• Exercise material
BEGIN

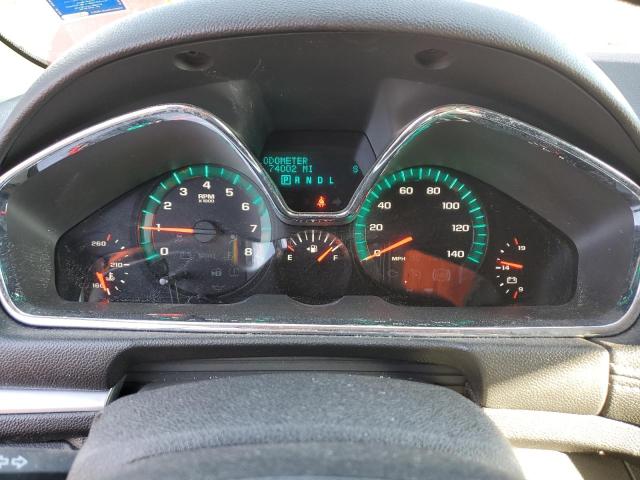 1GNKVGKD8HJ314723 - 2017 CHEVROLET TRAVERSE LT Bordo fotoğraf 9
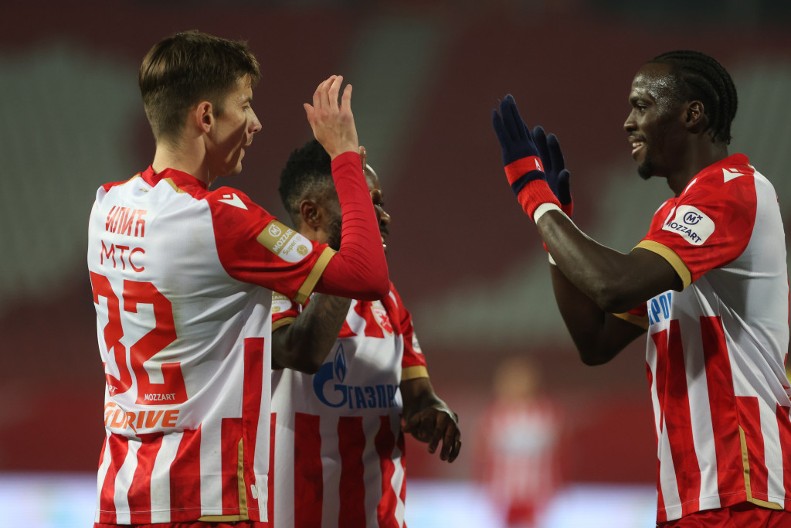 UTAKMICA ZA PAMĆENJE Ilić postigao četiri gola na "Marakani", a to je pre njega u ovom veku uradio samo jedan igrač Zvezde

END
BEGIN

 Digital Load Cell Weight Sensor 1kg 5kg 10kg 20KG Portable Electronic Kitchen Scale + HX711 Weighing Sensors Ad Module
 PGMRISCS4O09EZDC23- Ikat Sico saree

END

In the listing above, find the line with "1GNKVGKD8HJ314723 - 2017" and the line with "UTAKMICA ZA PAMĆENJE". Copy exactly those two and every line between, without the pictures.

 1GNKVGKD8HJ314723 - 2017 CHEVROLET TRAVERSE LT Bordo fotoğraf 9
 UTAKMICA ZA PAMĆENJE Ilić postigao četiri gola na "Marakani", a to je pre njega u ovom veku uradio samo jedan igrač Zvezde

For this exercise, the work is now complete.